In Porcupine Creek, they are filling in the glory hole, while Dustin has been checking out Cahoon Creek, their original plan for the season. When Fred sees some gold, he will be convinced. So Dustin has the challenge to find the gold they are sure is there. As they land by helicopter, he and his crew had to hike to the far end of their claim, where they believe the gold is waiting. As they trudge through deep snow, they dig their first test hole by hand.
At Scribner Creek, the rush is on to find more gold. When they crank up Little Blue to its maximum, something happens that jams the belt. As they attach a chain to force the pulley to move, the action works.
In Guyana, they spent two days plugging holes, but when they turn it on, Tony has discovered that the pulley is too small for the lavador. So Todd sends the newest guy on the crew, Brian to town to get two new pulleys, but on the way there, he drives through a flooded creek and loses the truck to the deep water. Now after towing it out of the water, they find it is too damaged to save it.

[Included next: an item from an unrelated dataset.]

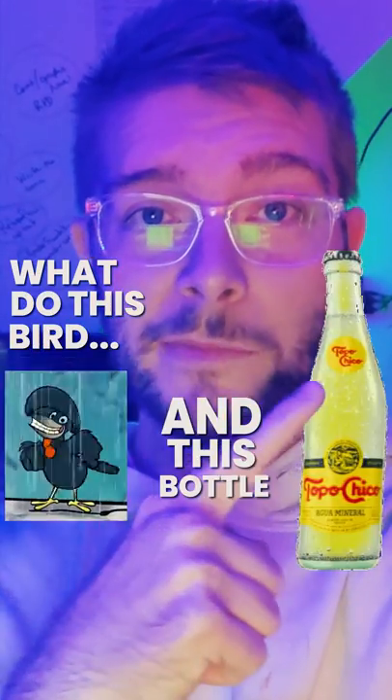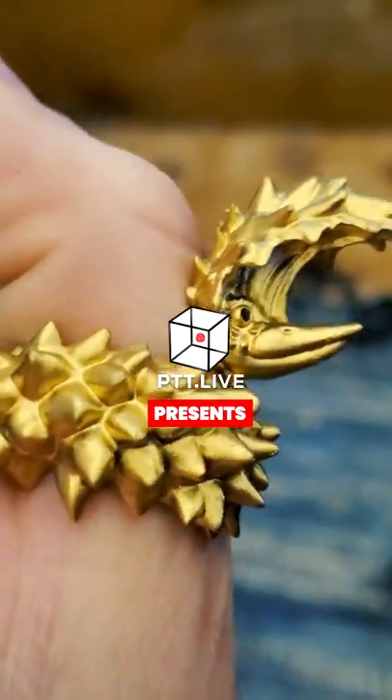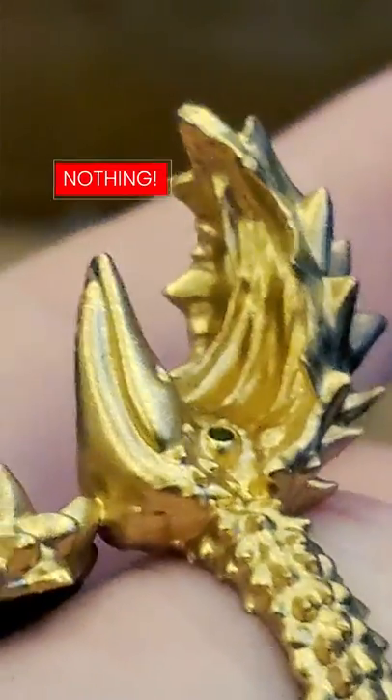What do this bird and this bottle have in common? Absolutely nothing. This week we're going to be making an umbrella bird bottle opener ring.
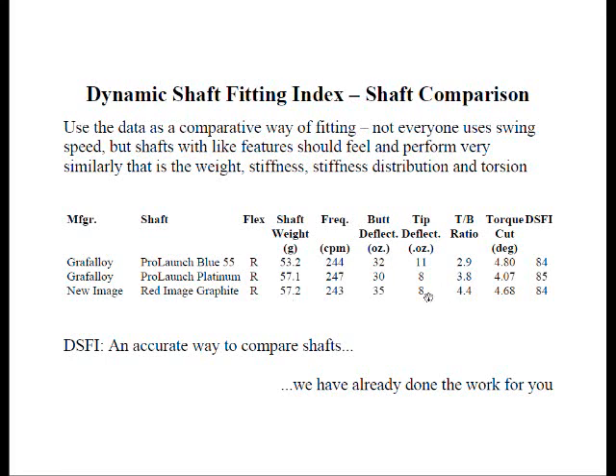For example, we show the butt and tip deflections. Remember, the higher the number, the stiffer it is. In this case, the Prolaunch Blue has a stiffer tip than the other two. We have what's called a TB ratio — the tip-to-butt ratio — which is a distribution of the deflections. The lower the number, the lower usually the trajectory of the shot. So of these three, the Red Image would probably hit it the highest, and the Prolaunch Blue the lowest.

In Cahoon Creek, Dustin and geologist, Jeff Harrison are working feverishly to find gold and prove to Fred that they should move their operation there. After three test holes, they found nothing worth talking about, but now a severe thunderstorm is headed their way. With only thin tents, they are in danger of being killed on the top of the mountain by the worst electrical storm in twenty years. Now they predict another to follow the next night. With no communication, Fred asks the helicopter to try and get them off the mountain before the second storm arrives. Fortunately, they hear the chopper, and it lands before the next storm arrives.
In Guyana, Brian redeemed himself by taking a motorcycle to Mahdia to get the necessary pulleys. Now that it is running, they find another problem; as Jim Thurber found diamonds in the discharge dirt, which means that there is a hole in the screen.
Back at Porcupine Creek, Dustin found gold in the dirt he brought back from Cahoon, which is equal to about $50 a yard.
In Scribner Creek, the pace is taking its toll on the miners who are being pushed to the limit. These miners have been on the job long enough to know that something bad could happen, no matter how careful they are.
In Guyana, when Tony told them to throw out the rocks in the bottom of the lavador, Thurber would not have it; he hoped to find a glimmer of hope, so Jackson, Tony’s son who has been sifting diamonds since he was a child, went through it and found one large one that inspired them to keep going.
In Scribner Creek, as they push Little Blue to its limit, something goes terribly wrong. The central shaft that drives the shaker has been sheared in half, and it could be the end of the season for Parker and his crew on this episode of "Gold Rush."